**DATA:**
▼

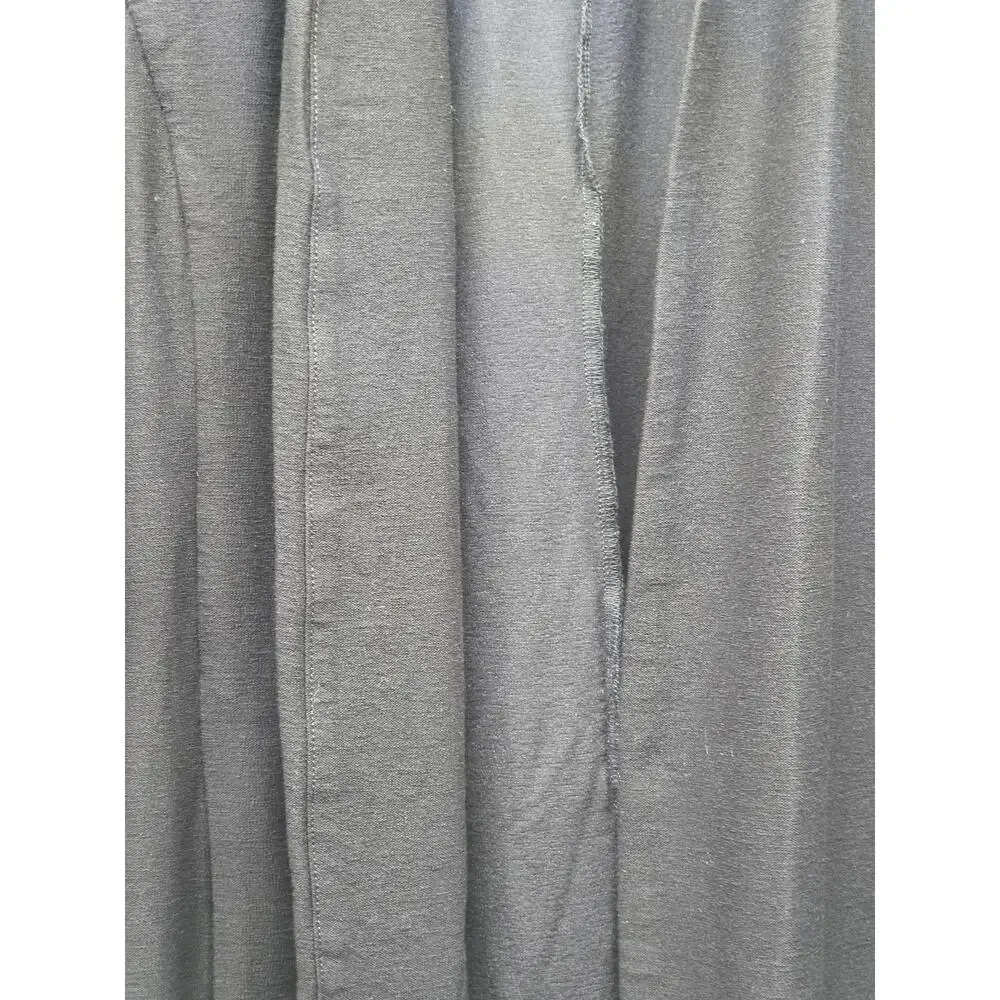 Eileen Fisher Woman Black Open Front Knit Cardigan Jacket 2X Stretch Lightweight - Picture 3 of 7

▲
▼

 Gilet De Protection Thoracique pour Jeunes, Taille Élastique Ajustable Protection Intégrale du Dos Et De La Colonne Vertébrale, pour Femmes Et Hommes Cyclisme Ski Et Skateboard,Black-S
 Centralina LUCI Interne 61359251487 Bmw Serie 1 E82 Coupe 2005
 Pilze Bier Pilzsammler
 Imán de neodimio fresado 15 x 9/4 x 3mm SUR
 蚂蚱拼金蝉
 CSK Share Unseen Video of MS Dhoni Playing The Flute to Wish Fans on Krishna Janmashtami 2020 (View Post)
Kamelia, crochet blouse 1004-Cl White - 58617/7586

▲
▼

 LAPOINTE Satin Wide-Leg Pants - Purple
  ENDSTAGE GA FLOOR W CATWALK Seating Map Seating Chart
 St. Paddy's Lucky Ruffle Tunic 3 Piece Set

▲

**WHAT YOU WILL DO:**
Please reproduce the lines from the line with "LAPOINTE Satin Wide-Leg Pants - Purple" to the line with "St. Paddy's Lucky Ruffle Tunic 3 Piece Set", both ends included, exactly as they appear above.

**EXERCISE OUTPUT:**
 LAPOINTE Satin Wide-Leg Pants - Purple
  ENDSTAGE GA FLOOR W CATWALK Seating Map Seating Chart
 St. Paddy's Lucky Ruffle Tunic 3 Piece Set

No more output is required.